Kentucky is ahead of South Carolina (28-23 since '06) and is one game behind Arkansas and Tennessee (both 31-21) over the past four seasons.
In conference games only, Kentucky is 12-20 since 2006. That stands ninth, one game behind South Carolina (13-19).
You don't need an MIT Ph.D to look at the next batch of numbers and identify what is holding back Wildcats football.
Since 2006, Kentucky is 18-2 against non-conference foes.
UK is 7-5 against teams from the SEC West. It has had a winning record against West teams three times in the last four years. In this time span, the Cats have beaten every team in the West except Alabama.
However, over the same four-year period, Kentucky is 5-15 against the SEC East.
It has three wins over Vanderbilt, two over Georgia and is zero-for the rest of the East.
If Phillips is going to continue Kentucky football's upward climb, this is what has to change.
The single most frustrating factor of the Blue uptick these past four seasons has been the Cats inability to beat South Carolina and Tennessee (Kentucky hasn't beaten Florida, either, but that's pretty understandable).
If Kentucky had just gone 2-2 against UT and the coach formerly known as Steve Superior since 2006, think of the difference it would have made in the perception of UK football.
There is a school of thought among some of The Long-Suffering UK Football Fans that Kentucky's recent stretch of (relative) pigskin success is primarily a function of soft non-conference scheduling and the dawn of the 12-game schedule.
There's no question both factors have helped the Cats pad the bottom line.
But Kentucky has gotten incrementally better inside the SEC, too.
Its winning percentage (37.5) in league games only over the last four seasons is better than during the Hal Mumme uptick (31.3 from 1997-2000).
It's also higher than during the four best years of Jerry Claiborne's coaching tenure (33.0 from 1983-86).
As Phillips envisions taking another step forward (we did mention Kentucky needs to start beating South Carolina and Tennessee, right?), he also has to keep an eye on UK's rear-view mirror.

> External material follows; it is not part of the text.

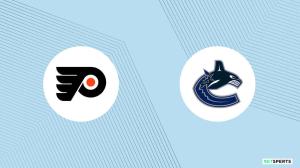 Flyers vs. Canucks: How to Watch, Odds, Picks & Predictions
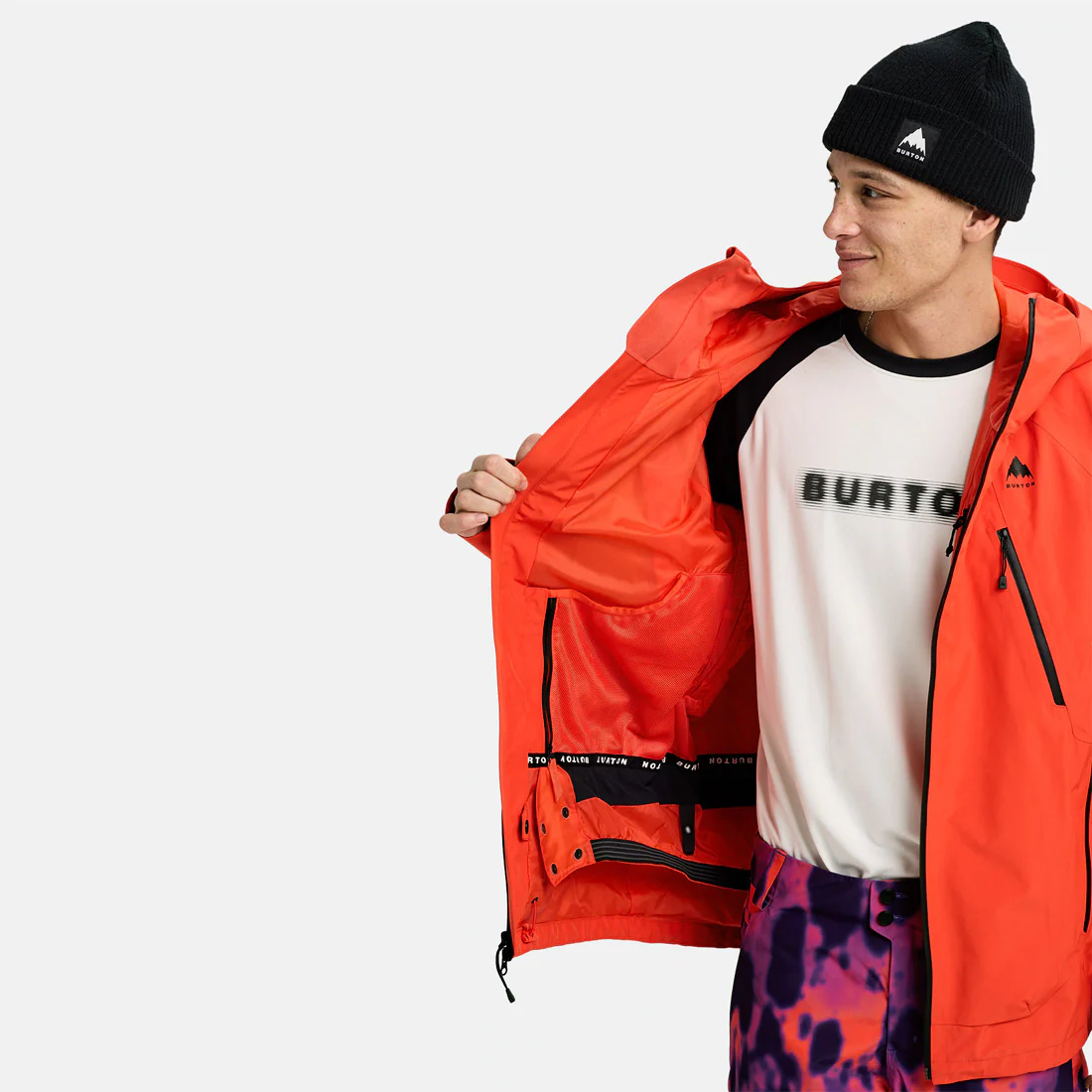 BURTON Gore-Tex 2L Reserve Jacket 2026 - Fiesta Red - Image 7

Three straight victories over rival Louisville have been crucial to Kentucky's recent improvement.
The Cardinals figure to be considerably stronger in coming years under new head coach Charlie Strong, the former Florida defensive coordinator, than they were in the ill-fated Steve Krag thorpe era.

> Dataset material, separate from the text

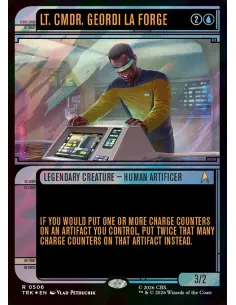 Lt. Cmdr. Geordi La Forge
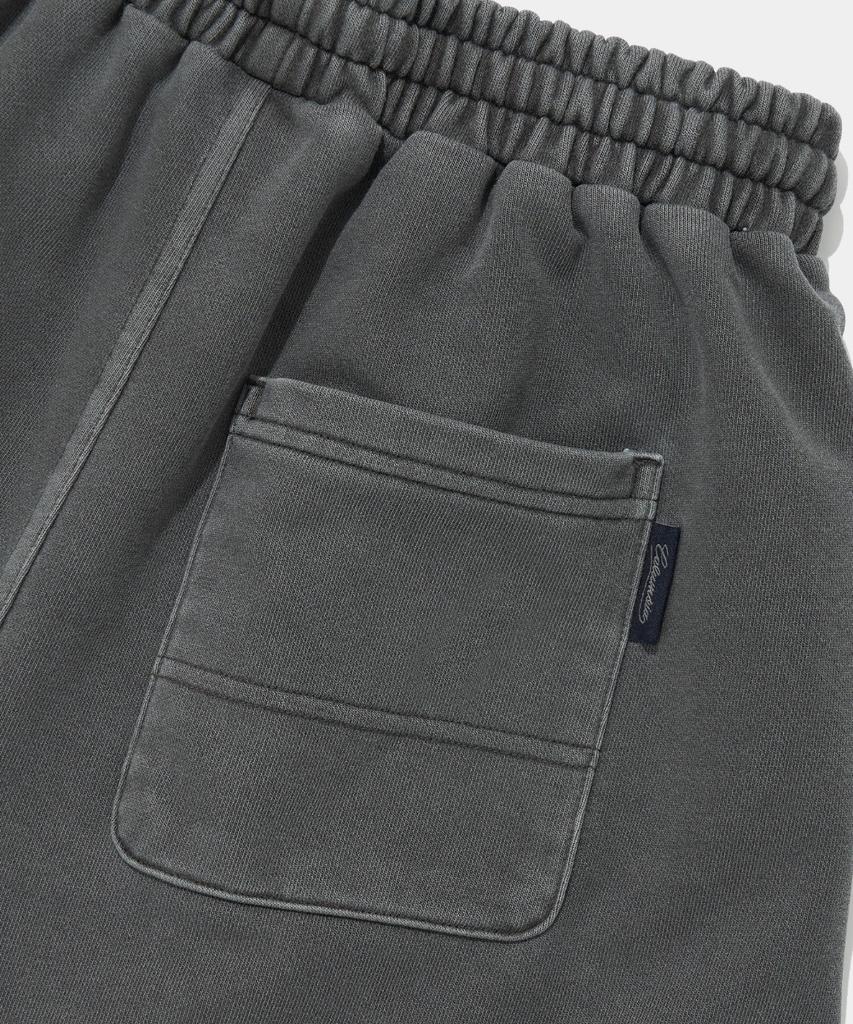 COLUMBIA UNIVERSITY Ny Street Tail Dyed Terry Shorts Pants_Charcoal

As UK's permanent opponent from the SEC West, Mississippi State is a team Kentucky needs to have the upper hand against.
The Cats are only 2-2 against the Bulldogs in the last four years (both losses being damaging defeats in Commonwealth Stadium).
Former Florida offensive coordinator Dan Mullen got very good reviews last season in his first year as State head coach and seems a good bet to build a stronger program in Starkville than we've seen since Jackie Sherrill took the Dogs to six bowls between 1991 and 2000.
When you are Kentucky football, the dreaded "slipping back" is always a real and present danger.
Still, the numbers show that over the past four seasons, Kentucky is closer to exiting the bottom and moving into the middle tier of SEC football than it has been for decades.
Keeping that process going is job one for Joker.